Infrastructure as Software
Table of Contents
Summary
This post is my summary (for my own sake) of the original full length post: https://www.justingarrison.com/blog/2022-06-01-infrastructure-as-software/
What is not IaS
Writing your infrastructure in a DSL or any other general purpose coding language like Ansible, Pulumi, Terraform is not Infrastructure as Software. Any managed service to deploy infrastructure without acting like a one-time shoot action (AWS CloudFormation) is also not IaS. Also not ment is Infrastructure as Data (IaD).
Downsides of IaC
The big benefit of IaC is that your developers can write code that creates infrastructure and you can use coding practices to create libraries other people can share. But lets look the downsides of Infrastructure as code:
- Writing an application with (for example) Java and also IaC in (for example) Java: if you want to upgrade your Java version, you need to upgrade both! Another maintenance tasks which can cause conflicts.
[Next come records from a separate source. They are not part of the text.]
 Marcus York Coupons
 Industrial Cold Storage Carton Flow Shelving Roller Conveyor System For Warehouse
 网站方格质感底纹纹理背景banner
- What if you need to transition the IaC and the hole infrastructure to a new team or person which doesn't know anything like (for example) Java? They will for sure rewrite the hole IaC stuff in a language they know or even worse they will do everything manually by hand.
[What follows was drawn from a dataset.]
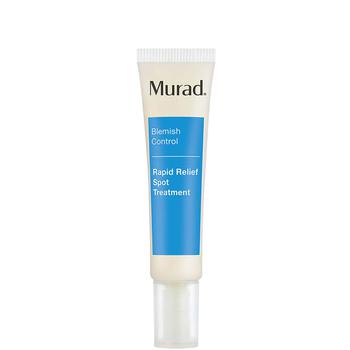 Murad | Murad Rapid Relief Spot Treatment 15ml商品图片,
- Writing IaC in different languages means you can't reuse or integrate modules together. One is in Java, one in Ansible, one in Terraform's HCL.
Downsides of IaD
The goal if IaD is separating your declarative requirements from the implementation code. With Terrafrom I can roll out IaC like this:
terraform apply
or I can separate the requirements in variables (which represents the unique data) apart from the generic IaC-code:
terraform apply -vars-file data.tfvars
The challenge with IaD is, what it relies on general purpose infrastructure reconcilers. In other words you fall back to combining your data with some form of automation or templating your data into something that can be compiled. Examples for k8s are helm charts and kustomize.
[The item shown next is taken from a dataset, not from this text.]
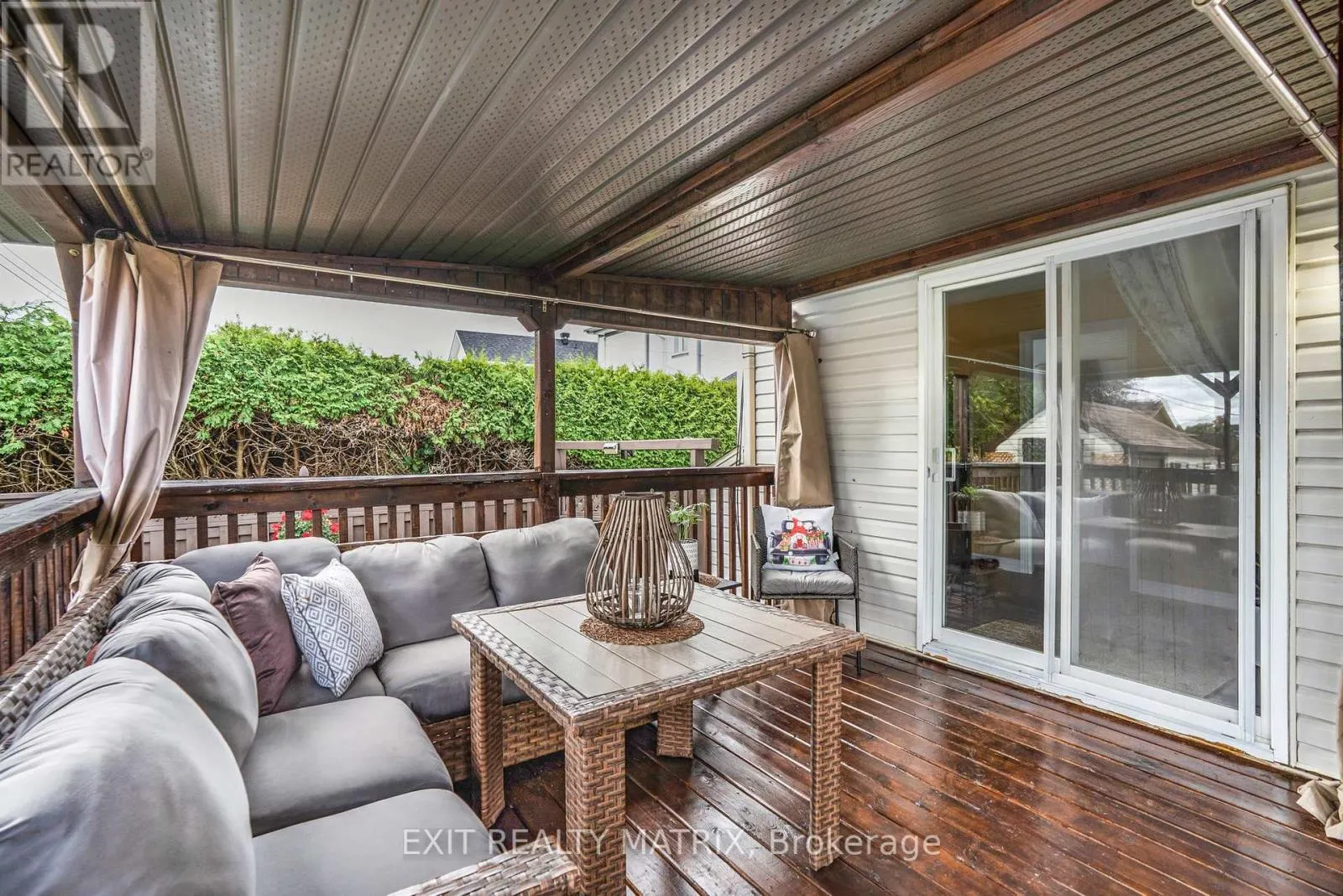 399 CHARTRAND AVENUE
Downsides of managed services
The problem with managed services is, that its only a one-way sync automation. It requires you to send data it can deploy, but when things change those services are ignorant and do not correct the differences between your desired state and the actual state in your production. Well there are a few mechanisms to detect drifts, but they always require manual interaction.
So why IaS?
The big deal of IaS is that it allows you to continually reconcile state and sync state into the stack. It manages your infrastructure continuously. The main difference between IaC or IaD to IaS is that IaS is a continually running process, your code is always in action. IaS reads your data, stores it, reads the infrastructure state, stores it, and then checks if the two matches. It's a two-way sync automation that knows how to imperatively get from one state to another.
Examples of IaS
Two famous examples of IaS are:
- Kubernetes controllers
- GitOps
Kubernetes controllers
Kubernetes controllers ares used as example in Cloud Native Infrastructure. The idea of this is to use K8s CRDs + a controller to manage infrastructure. Examples are crossplane, AWS Controllers for Kubernetes (ACK), and GitOps. It’s also been used for managing state of applications in Kubernetes with operators.
GitOps
GitOps is a idea for using a general purpose reconciler to manage more resources. Let's have a look a the GitOps principles:
- Declarative: A system managed by GitOps must have its desired state expressed declaratively
- Versioned and Immutable: Desired state is store in a way that enforces immutability, versioning and retains a complete version history
- Pulled Automatically: Software agents automatically pull the desired state declarations from the source
- Continuously Reconciled: Software agents continuously observe actual system state and attempt to apply the desired state
There are multiple options for controllers that implement GitOps. Flux and Argo are the two most popular GitOps controllers known so far.